Evaluation on Multimodal Instruction-based Image Editing. As shown in Tab. 2, we compare several competitive models that natively support multiple image inputs, such as DreamO ³¹, Omnigen2 ²⁸, and Qwen-Image-Edit-2509 ⁴. Although Kontext ³ and Qwen-Image-Edit ⁴ do not natively support multiple image inputs, we applied the method from Diffusers ³², which combines multiple images into one input. We also compared closed-source commercial models, such as Nano Banana ² and GPT-4o ¹. We tested editing examples with concrete objects and abstract attributions on DreamOmni2 benchmark. The models were evaluated for success rates by Gemini 2.5 ²⁹ and Doubao 1.6 ³⁰, and several professional engineers manually assessed the results. As shown in Tab. 2, our DreamOmni2 achieved the best performance in human evaluations. In VLM tests, DreamOmni2 significantly outperformed open-source models and achieved results close to those of commercial models. In fact, GPT-4o and Nano Banana often introduced unintended changes or inconsistencies in the edited attribution, which were not aligned with the reference images. These issues are difficult for VLMs to detect accurately. Additionally, GPT-4o caused the edited images to appear yellowed.

Qualitative results are shown in Fig. 4, where we present visualizations of editing cases involving various concrete objects and abstract attributes. It is clear that DreamOmni2 produces more accurate edits with better consistency. This further demonstrates the impressive performance of our approach in multimodal instruction-based editing.
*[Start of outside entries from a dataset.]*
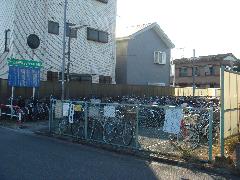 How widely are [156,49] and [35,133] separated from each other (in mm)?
20056

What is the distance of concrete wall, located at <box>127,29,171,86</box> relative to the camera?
28.5 metres

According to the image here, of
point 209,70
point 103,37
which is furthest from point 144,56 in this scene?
point 209,70

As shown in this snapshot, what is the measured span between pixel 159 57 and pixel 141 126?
20.8 metres

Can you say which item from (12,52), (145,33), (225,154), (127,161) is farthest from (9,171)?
(145,33)

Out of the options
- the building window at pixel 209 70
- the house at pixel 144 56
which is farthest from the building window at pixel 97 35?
the building window at pixel 209 70

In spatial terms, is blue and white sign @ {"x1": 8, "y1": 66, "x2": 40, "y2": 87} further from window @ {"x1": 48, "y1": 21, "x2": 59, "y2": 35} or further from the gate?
the gate

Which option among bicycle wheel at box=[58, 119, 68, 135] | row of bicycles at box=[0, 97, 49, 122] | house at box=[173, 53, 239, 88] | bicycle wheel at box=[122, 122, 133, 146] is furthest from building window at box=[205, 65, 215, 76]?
bicycle wheel at box=[122, 122, 133, 146]

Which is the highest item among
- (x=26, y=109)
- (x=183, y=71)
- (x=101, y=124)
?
(x=183, y=71)

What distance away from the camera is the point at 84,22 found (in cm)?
2423

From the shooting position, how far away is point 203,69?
47094 mm

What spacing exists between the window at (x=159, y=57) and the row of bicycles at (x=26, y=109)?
15.8 meters

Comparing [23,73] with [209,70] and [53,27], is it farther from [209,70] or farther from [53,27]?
[209,70]

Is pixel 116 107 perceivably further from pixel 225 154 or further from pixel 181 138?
pixel 225 154

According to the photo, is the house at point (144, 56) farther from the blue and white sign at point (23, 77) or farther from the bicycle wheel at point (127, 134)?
the bicycle wheel at point (127, 134) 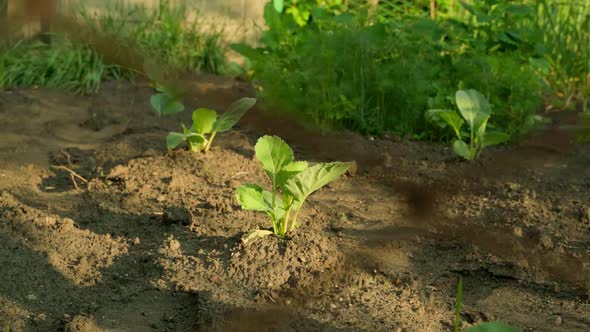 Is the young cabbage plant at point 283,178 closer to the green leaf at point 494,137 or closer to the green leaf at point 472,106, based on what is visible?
the green leaf at point 472,106

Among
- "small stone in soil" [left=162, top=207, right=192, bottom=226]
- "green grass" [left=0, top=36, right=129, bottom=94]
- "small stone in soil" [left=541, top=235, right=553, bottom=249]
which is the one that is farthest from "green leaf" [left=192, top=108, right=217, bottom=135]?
"green grass" [left=0, top=36, right=129, bottom=94]

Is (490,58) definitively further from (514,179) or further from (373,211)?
(373,211)

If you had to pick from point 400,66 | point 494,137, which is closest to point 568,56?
point 400,66

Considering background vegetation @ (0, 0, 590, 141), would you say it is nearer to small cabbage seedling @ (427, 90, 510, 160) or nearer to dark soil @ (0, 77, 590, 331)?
small cabbage seedling @ (427, 90, 510, 160)

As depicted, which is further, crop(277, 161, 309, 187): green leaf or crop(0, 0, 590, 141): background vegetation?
crop(0, 0, 590, 141): background vegetation

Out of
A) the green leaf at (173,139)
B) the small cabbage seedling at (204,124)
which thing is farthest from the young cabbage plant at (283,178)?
the green leaf at (173,139)

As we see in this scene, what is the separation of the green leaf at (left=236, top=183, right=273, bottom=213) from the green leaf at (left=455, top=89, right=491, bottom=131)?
4.75 ft

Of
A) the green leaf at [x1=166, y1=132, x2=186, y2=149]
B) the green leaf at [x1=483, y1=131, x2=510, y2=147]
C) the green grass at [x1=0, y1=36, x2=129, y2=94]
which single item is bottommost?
the green grass at [x1=0, y1=36, x2=129, y2=94]

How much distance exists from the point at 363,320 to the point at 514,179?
158 cm

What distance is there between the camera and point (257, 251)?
257cm

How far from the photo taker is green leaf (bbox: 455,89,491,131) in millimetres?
3799

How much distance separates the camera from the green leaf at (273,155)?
261 centimetres

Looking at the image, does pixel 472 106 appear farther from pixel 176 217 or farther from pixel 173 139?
pixel 176 217

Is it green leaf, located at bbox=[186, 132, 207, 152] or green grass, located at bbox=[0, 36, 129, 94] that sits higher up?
green leaf, located at bbox=[186, 132, 207, 152] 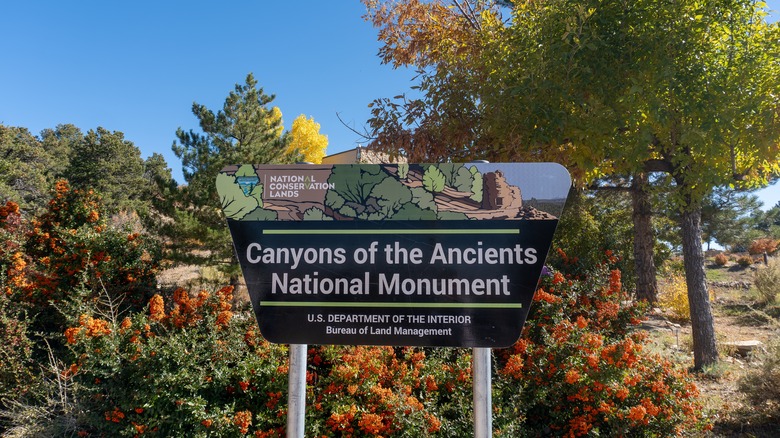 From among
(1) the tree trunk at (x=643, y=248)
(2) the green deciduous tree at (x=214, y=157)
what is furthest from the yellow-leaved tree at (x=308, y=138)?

Evaluation on Multimodal Instruction-based Image Generation. As shown in Tab. 3, our method outperforms the commercial model Nano Banana in both human evaluations and assessments by Doubao 1.6 and Gemini 2.5, achieving results comparable to GPT-4o. Compared to open-source models like DreamO, Omnigen2, and Qwen-Edit-2509, which focus primarily on generating images with multiple concrete objects, DreamOmni2 still significantly outperforms them in both generation accuracy and object consistency, even within their specialized domains. This further underscores the effectiveness of DreamOmni2 in multimodal instruction-based generation.
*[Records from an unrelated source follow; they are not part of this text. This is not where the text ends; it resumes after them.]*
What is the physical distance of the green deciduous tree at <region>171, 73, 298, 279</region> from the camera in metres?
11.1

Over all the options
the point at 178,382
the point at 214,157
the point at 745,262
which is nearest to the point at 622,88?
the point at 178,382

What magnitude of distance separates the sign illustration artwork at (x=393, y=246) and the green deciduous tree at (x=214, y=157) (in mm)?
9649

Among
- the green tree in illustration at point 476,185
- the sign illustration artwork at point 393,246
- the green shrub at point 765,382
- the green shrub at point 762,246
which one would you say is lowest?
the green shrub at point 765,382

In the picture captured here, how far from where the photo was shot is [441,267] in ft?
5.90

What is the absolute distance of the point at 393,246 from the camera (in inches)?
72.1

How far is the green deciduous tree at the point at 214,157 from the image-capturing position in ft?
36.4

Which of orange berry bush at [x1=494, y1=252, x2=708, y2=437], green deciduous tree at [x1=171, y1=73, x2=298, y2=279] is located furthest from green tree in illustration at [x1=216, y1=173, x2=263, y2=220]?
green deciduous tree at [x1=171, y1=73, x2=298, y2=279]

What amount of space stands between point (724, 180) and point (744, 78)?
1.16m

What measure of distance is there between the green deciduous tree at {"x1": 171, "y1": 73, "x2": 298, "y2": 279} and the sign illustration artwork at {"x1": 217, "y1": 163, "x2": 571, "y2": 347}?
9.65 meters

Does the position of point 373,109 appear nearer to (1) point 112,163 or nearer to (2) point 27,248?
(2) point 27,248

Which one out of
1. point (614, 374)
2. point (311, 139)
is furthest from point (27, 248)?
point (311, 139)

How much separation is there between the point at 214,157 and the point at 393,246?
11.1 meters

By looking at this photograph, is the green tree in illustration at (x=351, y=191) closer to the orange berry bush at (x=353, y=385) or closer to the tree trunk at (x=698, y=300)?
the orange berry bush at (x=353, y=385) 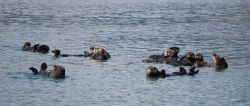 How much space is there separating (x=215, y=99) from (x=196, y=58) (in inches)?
546

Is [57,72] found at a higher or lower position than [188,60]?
lower

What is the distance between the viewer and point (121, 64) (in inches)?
2645

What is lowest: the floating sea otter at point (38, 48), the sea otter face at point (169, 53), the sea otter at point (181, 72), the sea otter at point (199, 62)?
the sea otter at point (181, 72)

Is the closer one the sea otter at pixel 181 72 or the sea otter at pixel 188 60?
the sea otter at pixel 181 72

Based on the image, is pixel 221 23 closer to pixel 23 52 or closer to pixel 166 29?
pixel 166 29

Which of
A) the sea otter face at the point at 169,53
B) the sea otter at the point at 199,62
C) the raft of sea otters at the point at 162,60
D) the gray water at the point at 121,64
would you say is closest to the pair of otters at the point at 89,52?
the raft of sea otters at the point at 162,60

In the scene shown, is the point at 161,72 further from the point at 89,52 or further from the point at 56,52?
the point at 56,52

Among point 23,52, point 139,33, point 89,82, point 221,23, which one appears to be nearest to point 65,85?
point 89,82

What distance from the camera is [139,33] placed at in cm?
10256

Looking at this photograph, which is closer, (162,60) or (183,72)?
(183,72)

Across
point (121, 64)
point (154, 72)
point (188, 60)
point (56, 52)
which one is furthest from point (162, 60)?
point (56, 52)

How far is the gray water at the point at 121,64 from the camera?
52.9 metres

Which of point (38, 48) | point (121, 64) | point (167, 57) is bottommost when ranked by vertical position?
point (121, 64)

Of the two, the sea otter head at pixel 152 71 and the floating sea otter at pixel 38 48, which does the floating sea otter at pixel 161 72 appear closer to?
the sea otter head at pixel 152 71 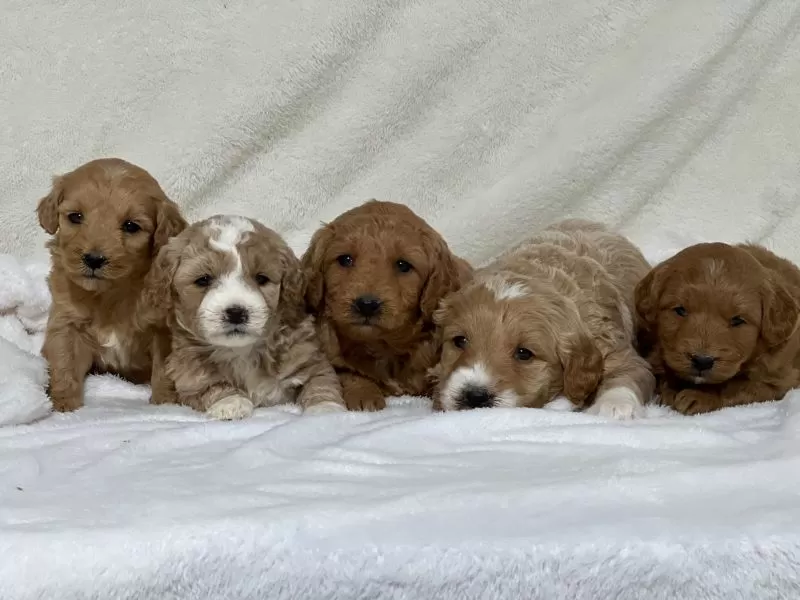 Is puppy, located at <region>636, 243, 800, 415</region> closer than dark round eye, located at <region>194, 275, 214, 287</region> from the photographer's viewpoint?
Yes

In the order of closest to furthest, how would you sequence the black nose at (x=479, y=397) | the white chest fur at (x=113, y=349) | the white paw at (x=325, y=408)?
1. the black nose at (x=479, y=397)
2. the white paw at (x=325, y=408)
3. the white chest fur at (x=113, y=349)

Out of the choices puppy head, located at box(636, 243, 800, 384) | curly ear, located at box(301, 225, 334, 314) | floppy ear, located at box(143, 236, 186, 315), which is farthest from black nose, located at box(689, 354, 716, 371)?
floppy ear, located at box(143, 236, 186, 315)

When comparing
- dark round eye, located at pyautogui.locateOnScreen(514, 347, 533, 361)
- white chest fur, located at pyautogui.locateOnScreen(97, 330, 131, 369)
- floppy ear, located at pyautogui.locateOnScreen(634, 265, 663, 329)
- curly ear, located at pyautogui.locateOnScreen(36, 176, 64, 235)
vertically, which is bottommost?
white chest fur, located at pyautogui.locateOnScreen(97, 330, 131, 369)

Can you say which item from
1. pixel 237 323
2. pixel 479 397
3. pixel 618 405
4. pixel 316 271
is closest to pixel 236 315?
pixel 237 323

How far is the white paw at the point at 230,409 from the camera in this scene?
323 centimetres

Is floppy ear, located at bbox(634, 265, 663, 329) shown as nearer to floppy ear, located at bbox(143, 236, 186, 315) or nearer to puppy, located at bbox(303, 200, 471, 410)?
puppy, located at bbox(303, 200, 471, 410)

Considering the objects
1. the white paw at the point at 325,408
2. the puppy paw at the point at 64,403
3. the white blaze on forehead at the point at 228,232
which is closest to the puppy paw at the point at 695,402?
the white paw at the point at 325,408

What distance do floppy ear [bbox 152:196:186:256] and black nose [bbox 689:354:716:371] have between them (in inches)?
78.2

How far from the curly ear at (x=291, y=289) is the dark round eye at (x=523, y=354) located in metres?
0.87

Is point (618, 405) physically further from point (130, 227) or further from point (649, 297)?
point (130, 227)

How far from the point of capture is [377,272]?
340 cm

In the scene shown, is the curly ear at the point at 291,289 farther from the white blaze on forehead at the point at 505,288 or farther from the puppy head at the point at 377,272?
the white blaze on forehead at the point at 505,288

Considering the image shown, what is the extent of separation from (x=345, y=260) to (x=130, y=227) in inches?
32.6

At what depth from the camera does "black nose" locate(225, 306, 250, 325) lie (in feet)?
10.6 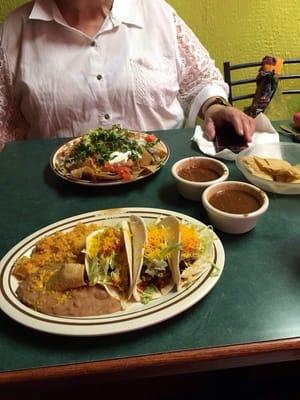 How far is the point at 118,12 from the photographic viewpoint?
1548 mm

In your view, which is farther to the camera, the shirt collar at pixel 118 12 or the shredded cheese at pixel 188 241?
the shirt collar at pixel 118 12

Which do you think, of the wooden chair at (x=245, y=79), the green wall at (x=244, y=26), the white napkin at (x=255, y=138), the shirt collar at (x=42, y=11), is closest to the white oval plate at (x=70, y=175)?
the white napkin at (x=255, y=138)

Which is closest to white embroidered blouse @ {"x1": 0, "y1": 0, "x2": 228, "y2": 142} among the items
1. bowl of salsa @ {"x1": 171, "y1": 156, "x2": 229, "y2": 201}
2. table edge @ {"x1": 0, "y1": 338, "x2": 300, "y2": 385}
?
bowl of salsa @ {"x1": 171, "y1": 156, "x2": 229, "y2": 201}

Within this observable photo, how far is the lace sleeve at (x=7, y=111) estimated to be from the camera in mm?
1524

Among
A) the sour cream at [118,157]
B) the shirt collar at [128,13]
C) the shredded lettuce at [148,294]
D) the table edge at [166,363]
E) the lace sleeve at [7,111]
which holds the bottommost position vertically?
the table edge at [166,363]

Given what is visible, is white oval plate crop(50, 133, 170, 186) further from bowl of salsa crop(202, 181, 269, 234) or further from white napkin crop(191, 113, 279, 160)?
bowl of salsa crop(202, 181, 269, 234)

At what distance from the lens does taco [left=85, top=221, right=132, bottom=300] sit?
2.56 feet

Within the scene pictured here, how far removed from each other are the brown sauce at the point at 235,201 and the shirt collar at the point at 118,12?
2.84 feet

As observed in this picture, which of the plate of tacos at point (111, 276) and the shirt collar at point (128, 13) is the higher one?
the shirt collar at point (128, 13)

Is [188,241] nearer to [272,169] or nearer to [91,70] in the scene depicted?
[272,169]

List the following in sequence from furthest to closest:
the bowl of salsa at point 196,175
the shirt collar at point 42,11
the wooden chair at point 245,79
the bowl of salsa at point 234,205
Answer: the wooden chair at point 245,79, the shirt collar at point 42,11, the bowl of salsa at point 196,175, the bowl of salsa at point 234,205

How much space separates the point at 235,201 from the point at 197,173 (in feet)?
0.58

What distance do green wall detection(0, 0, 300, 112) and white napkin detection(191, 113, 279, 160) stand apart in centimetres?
107

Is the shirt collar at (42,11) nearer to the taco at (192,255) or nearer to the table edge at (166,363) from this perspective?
the taco at (192,255)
Quantitative results, as shown in Fig. 5, indicate that open-source models struggle with generating abstract attributes. Even in generating concrete objects, which these models are specifically optimized for, DreamOmni2 outperforms them in both instruction adherence and object consistency. Furthermore, DreamOmni2 even outperforms the commercial model Nano Banana.

Refer to caption

Figure 5: Visual comparison of multimodal instruction-based generation. Our DreamOmni2 significantly outperforms current open-source models and achieves generation results comparable to closed-source commercial models (GPT-4 and Nano Banana).
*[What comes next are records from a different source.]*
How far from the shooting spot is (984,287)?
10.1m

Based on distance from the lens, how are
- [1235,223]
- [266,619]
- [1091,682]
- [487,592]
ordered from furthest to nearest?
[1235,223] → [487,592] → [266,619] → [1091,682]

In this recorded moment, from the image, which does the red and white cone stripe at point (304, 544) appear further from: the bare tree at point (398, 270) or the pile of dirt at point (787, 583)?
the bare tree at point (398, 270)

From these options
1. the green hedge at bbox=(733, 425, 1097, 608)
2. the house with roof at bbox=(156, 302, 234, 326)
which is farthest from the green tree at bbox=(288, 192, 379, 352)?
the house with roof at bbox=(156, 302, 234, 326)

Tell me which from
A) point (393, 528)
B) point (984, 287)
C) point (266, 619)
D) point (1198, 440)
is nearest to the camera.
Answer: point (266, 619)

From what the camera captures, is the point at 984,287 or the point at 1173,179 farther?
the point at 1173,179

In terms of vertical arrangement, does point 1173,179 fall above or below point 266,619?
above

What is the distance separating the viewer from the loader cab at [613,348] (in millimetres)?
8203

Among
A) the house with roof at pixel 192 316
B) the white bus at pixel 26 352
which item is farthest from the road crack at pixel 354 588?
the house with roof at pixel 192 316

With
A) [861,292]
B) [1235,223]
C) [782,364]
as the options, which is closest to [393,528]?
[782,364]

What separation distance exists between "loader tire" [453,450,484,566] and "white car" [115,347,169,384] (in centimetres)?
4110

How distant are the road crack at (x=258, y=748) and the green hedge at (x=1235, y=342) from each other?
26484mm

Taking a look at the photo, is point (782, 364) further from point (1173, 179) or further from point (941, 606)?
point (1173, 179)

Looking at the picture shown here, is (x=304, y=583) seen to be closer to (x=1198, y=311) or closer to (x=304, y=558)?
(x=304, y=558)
Table 3: Quantitative comparison of multimodal instruction-based generation. We use Gemini ²⁹ and Doubao ³⁰ to evaluate the success editing ratio on concrete objects and abstract attributions, respectively. In addition, “Human” refers to professional engineers assessing the editing success rates of all models.

Method	Concrete Object			Abstract Attribution
Method	Gemini $↑$	Doubao $↑$	Human $↑$	Gemini $↑$	Doubao $↑$	Human $↑$
GPT-4o ¹⁵	0.6250	0.6250	0.5610	0.6889	0.6333	0.5793
Nano Banana ⁹	0.5000	0.5417	0.5366	0.5556	0.5111	0.3293
UNO ²⁶	0.0000	0.0000	0.0000	0.0333	0.0556	0.0000
DreamO ¹⁴	0.0417	0.0833	0.0000	0.0667	0.0222	0.0000
Omnigen2 ²⁵	0.2083	0.2500	0.2927	0.1000	0.0778	0.0305
Qwen-Image-Edit ²⁴	0.0417	0.1250	0.0244	0.0889	0.1000	0.0000
Kontext ¹	0.2500	0.3750	0.0976	0.0556	0.1222	0.0122
Qwen-Image-Edit-2509 ²⁴	0.1250	0.2917	0.2195	0.1111	0.1556	0.0427
DreamOmni2 (Ours)	0.5833	0.6667	0.6098	0.5778	0.6333	0.6829

Table 4: The validation of joint training for generation or editing models and VLM.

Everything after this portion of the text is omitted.